Work required: Please copy exactly the line containing "Squishmallows Fuzz A" and every line after it, through the last line of the records below, leaving out all pictures.

┄┄┄┄┄┄┄┄┄┄┄┄┄┄┄┄┄┄┄┄

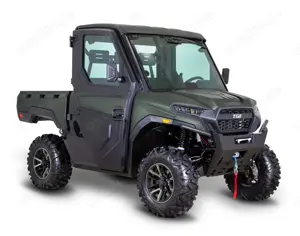 82 PS UTV LANDMAX 1000 EPS   ABS Vollkabine 3 Jahre Hersteller-Garantie Bild 2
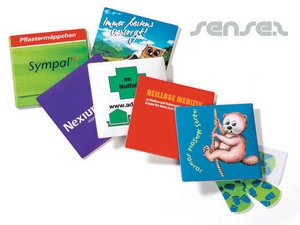 Promotional Band-Aids - Pack Of 10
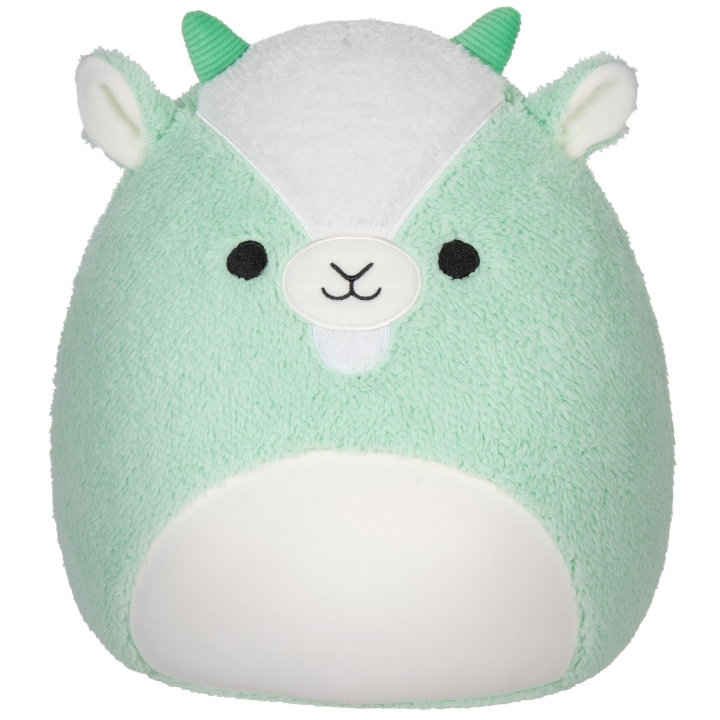 Squishmallows Fuzz A Mallows Palmer Geit 30 cm i gruppen LEKER, BARN OG BABY / Babyleker (0-3 år) / Kosedyr hos TP E-commerce Nordic AB (C28793)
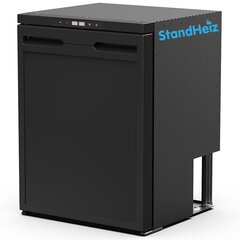 Ceļojuma kompresora ledusskapis StandHeiz, 65l cena un informācija | Aukstuma somas, aukstuma kastes un aukstuma elementi | 220.lv
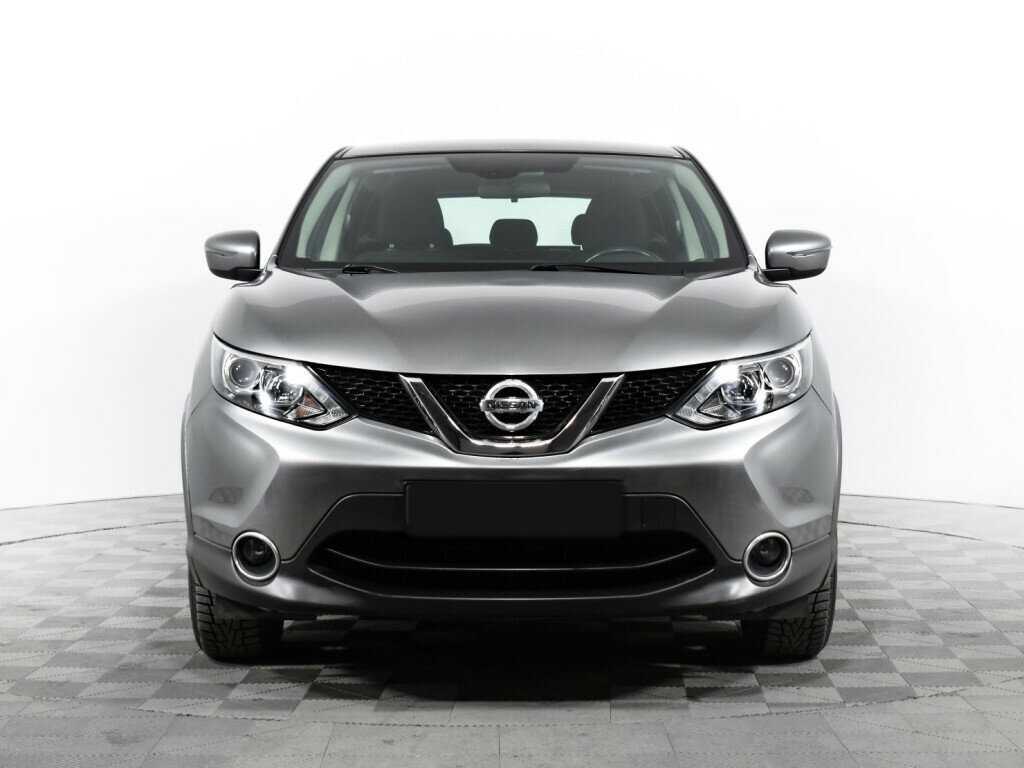 Nissan Qashqai, 2018 Фото №2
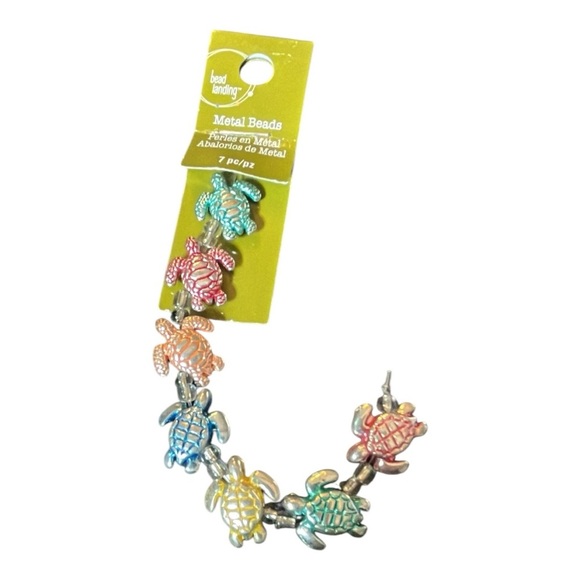 Save the turtles! Craft beads - Picture 3 of 5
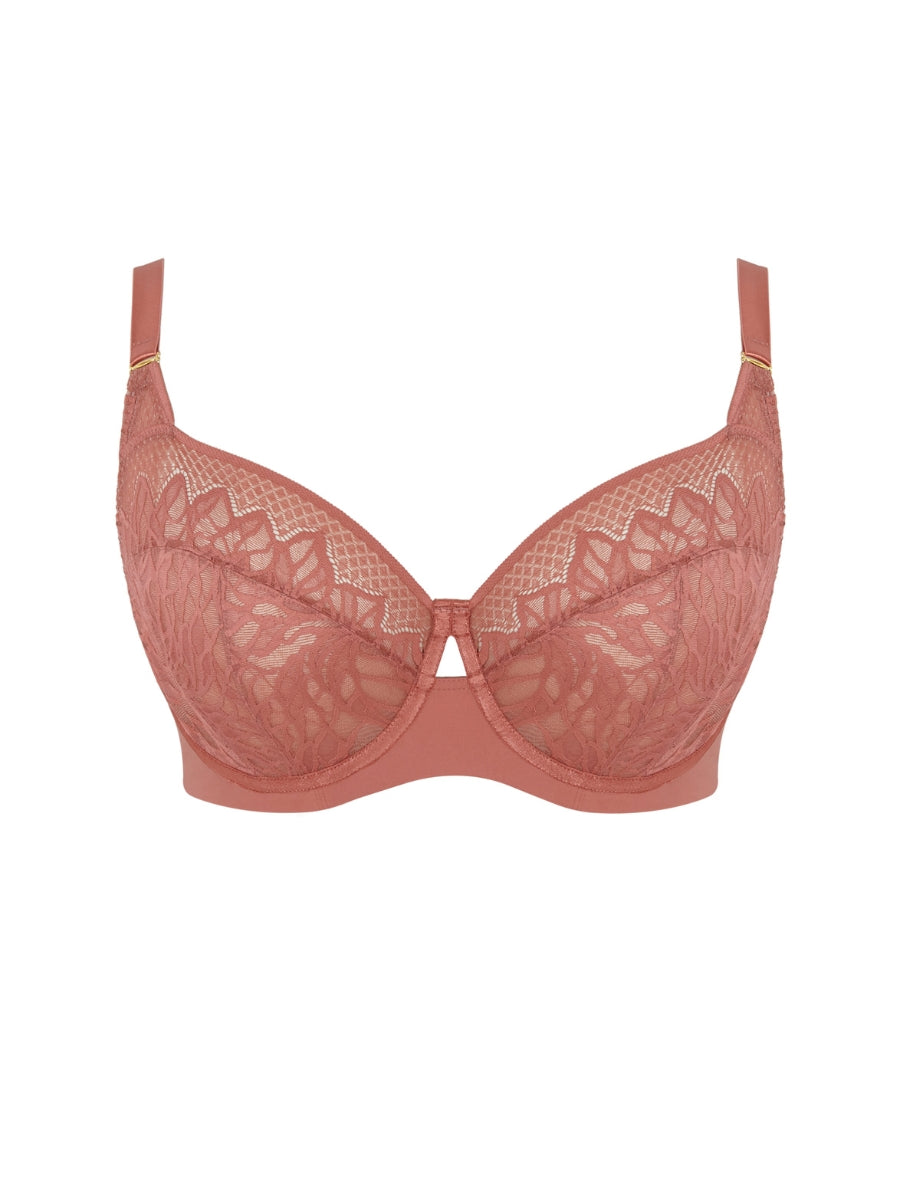Sophia Full Cup Bra - Sienna Rose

┄┄┄┄┄┄┄┄┄┄┄┄┄┄┄┄┄┄┄┄

Task output:
 Squishmallows Fuzz A Mallows Palmer Geit 30 cm i gruppen LEKER, BARN OG BABY / Babyleker (0-3 år) / Kosedyr hos TP E-commerce Nordic AB (C28793)
 Ceļojuma kompresora ledusskapis StandHeiz, 65l cena un informācija | Aukstuma somas, aukstuma kastes un aukstuma elementi | 220.lv
 Nissan Qashqai, 2018 Фото №2
 Save the turtles! Craft beads - Picture 3 of 5
Sophia Full Cup Bra - Sienna Rose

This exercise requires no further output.